▸ Your instructions
Can the lines below, from the one that holds "Credenza Rosa 67x39x83 cm in Acciaio 841680" to the very end, be echoed exactly, with both ends included and no pictures?

▸ Input data
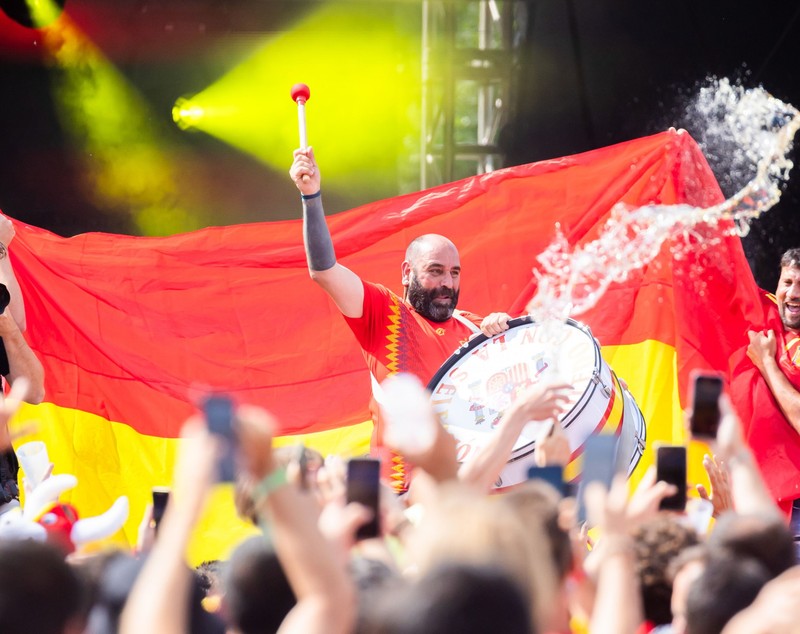 Spania, campioană europeană pentru a patra oară în istorie - un record, după ce a învins Anglia cu 2-1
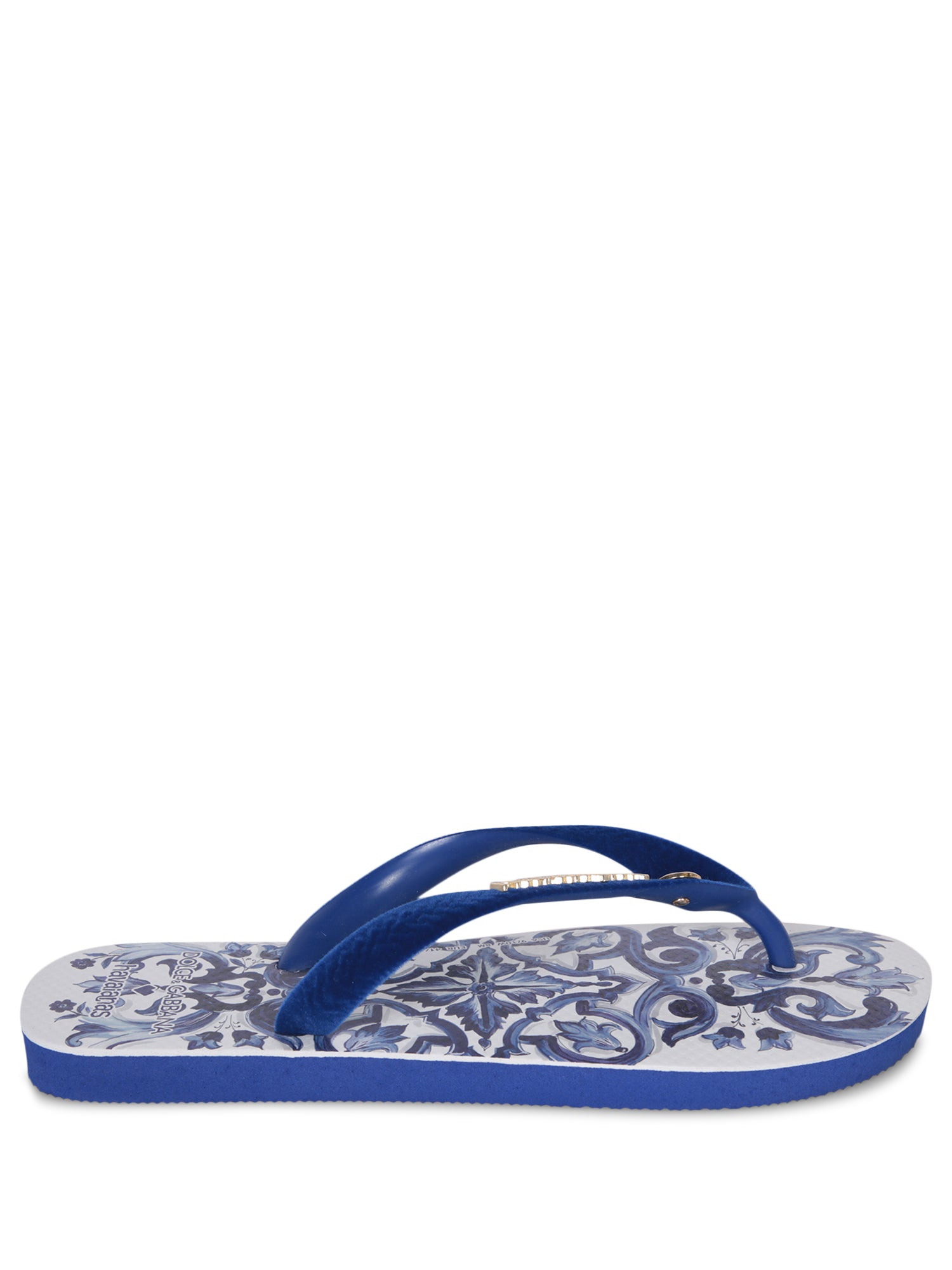 HAVAIANAS Mediterraneo 블루 플립플랍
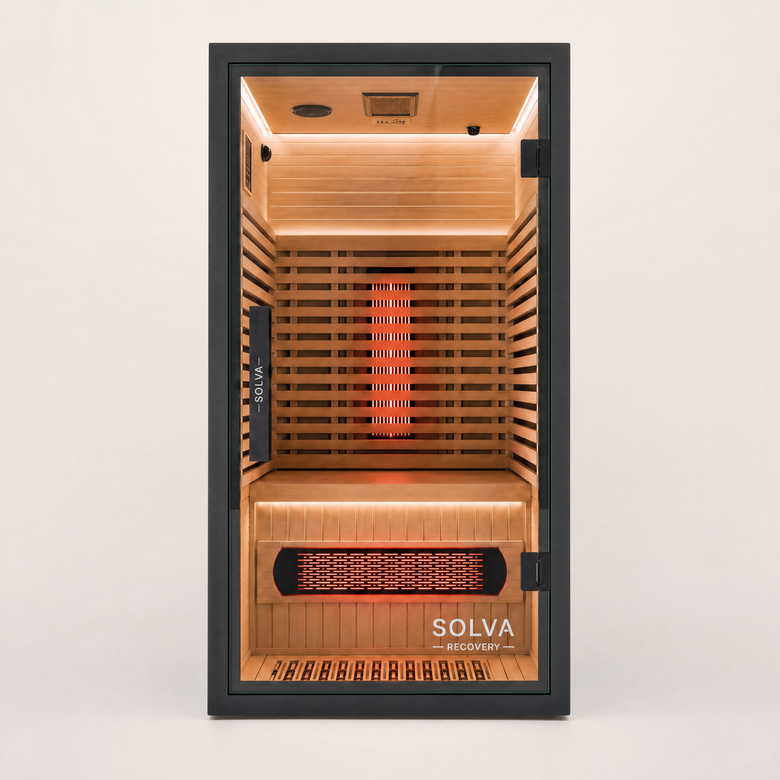 1-Person Infrared Sauna . Solo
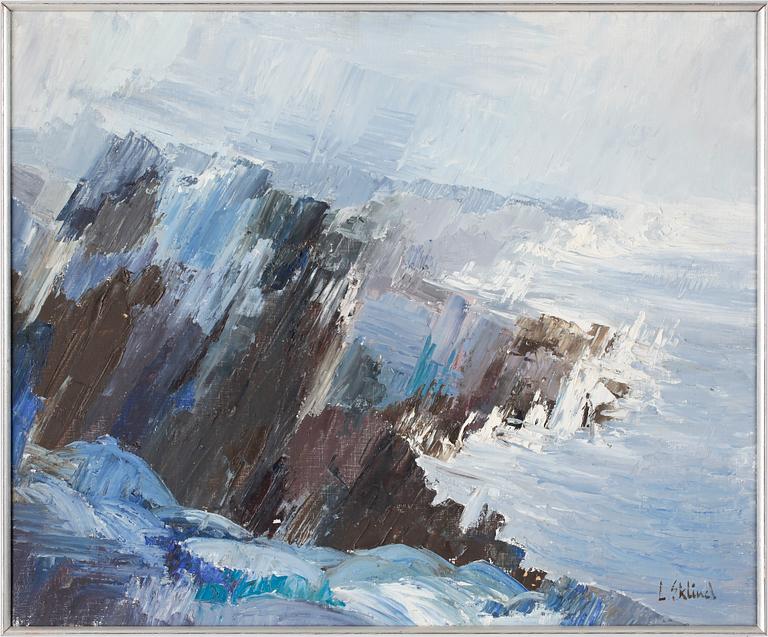 LARS EKLIND, olja på duk, signerad.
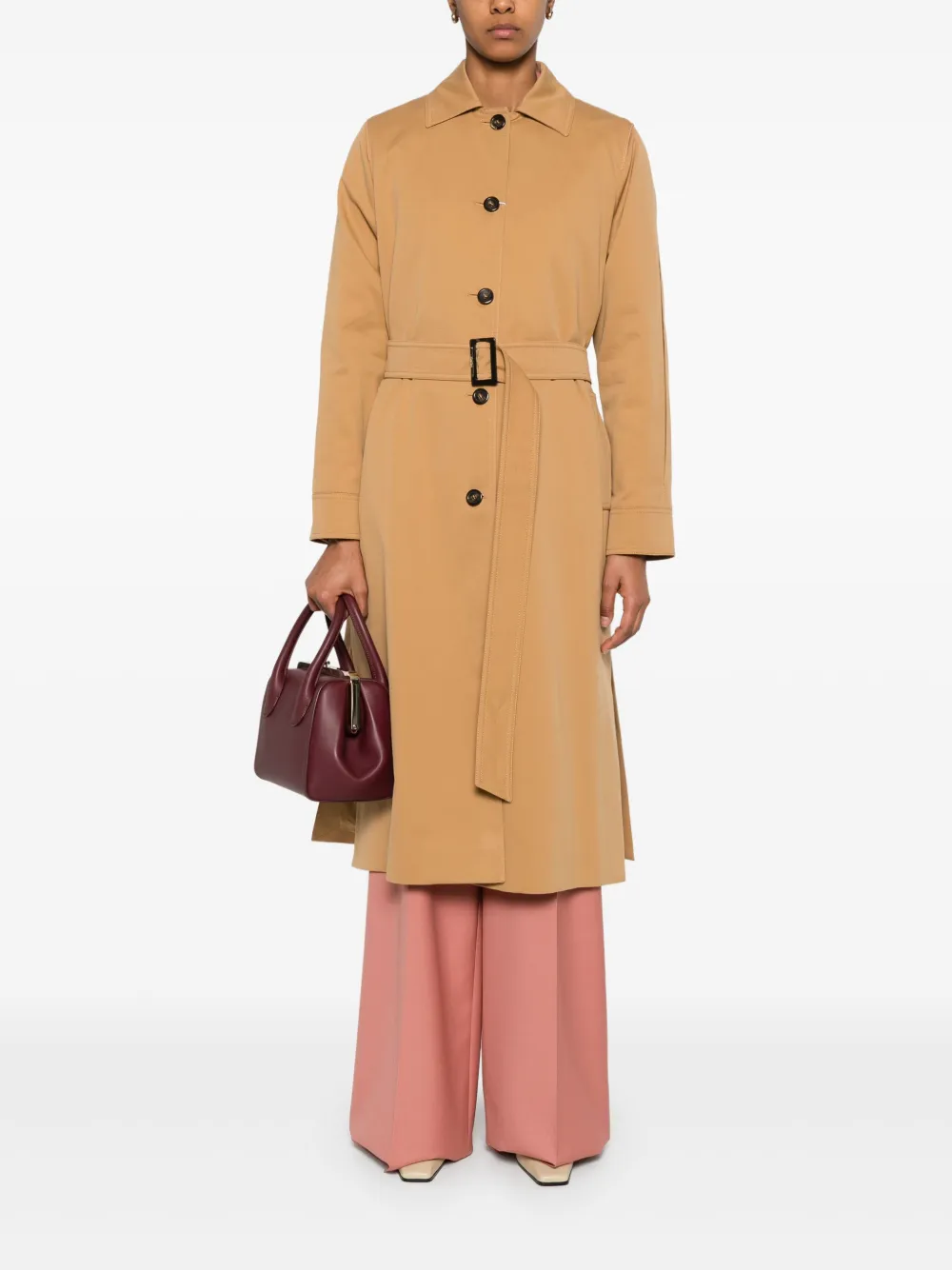 Max Mara Rieti jas - Bruin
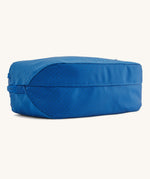 The bottom of the Patagonia Black Hole Cube 3L Endless Blue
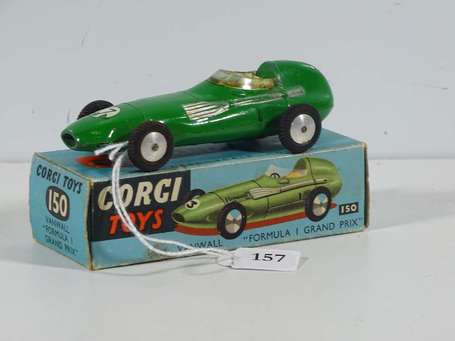 Corgi toys - Vanwall formule 1 Grand Prix , manque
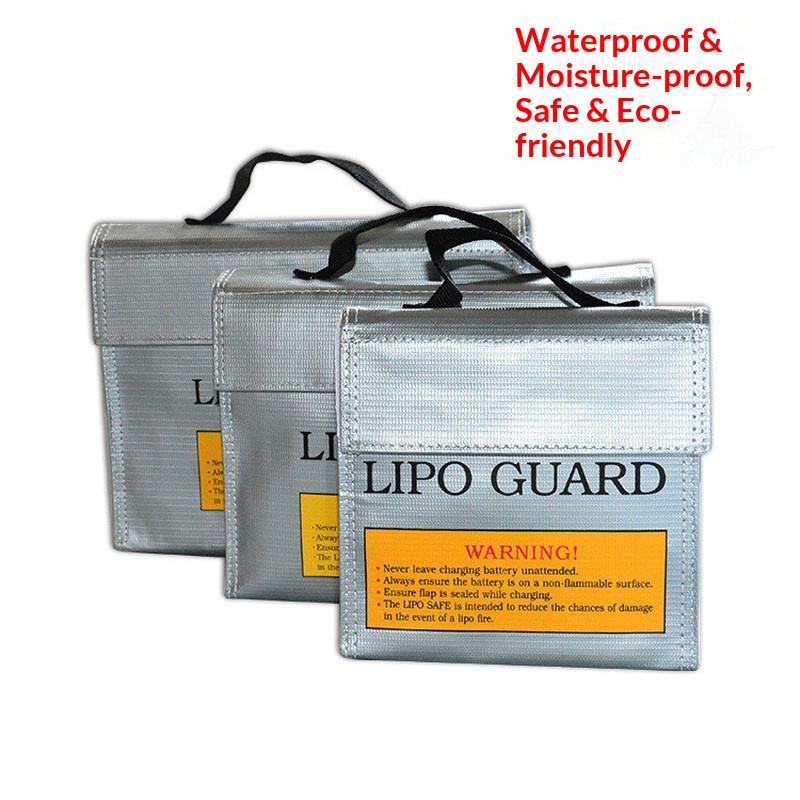 Lipo Guard Tas Aman Baterai Li - Drone Battery Bag ulasan dan harga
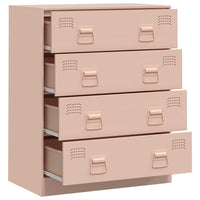 Credenza Rosa 67x39x83 cm in Acciaio 841680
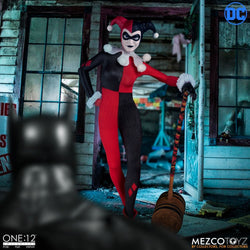 Mezco One:12 Collective DC :  Harley Quinn Deluxe Edition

▸ Response for this exercise
 Credenza Rosa 67x39x83 cm in Acciaio 841680
 Mezco One:12 Collective DC :  Harley Quinn Deluxe Edition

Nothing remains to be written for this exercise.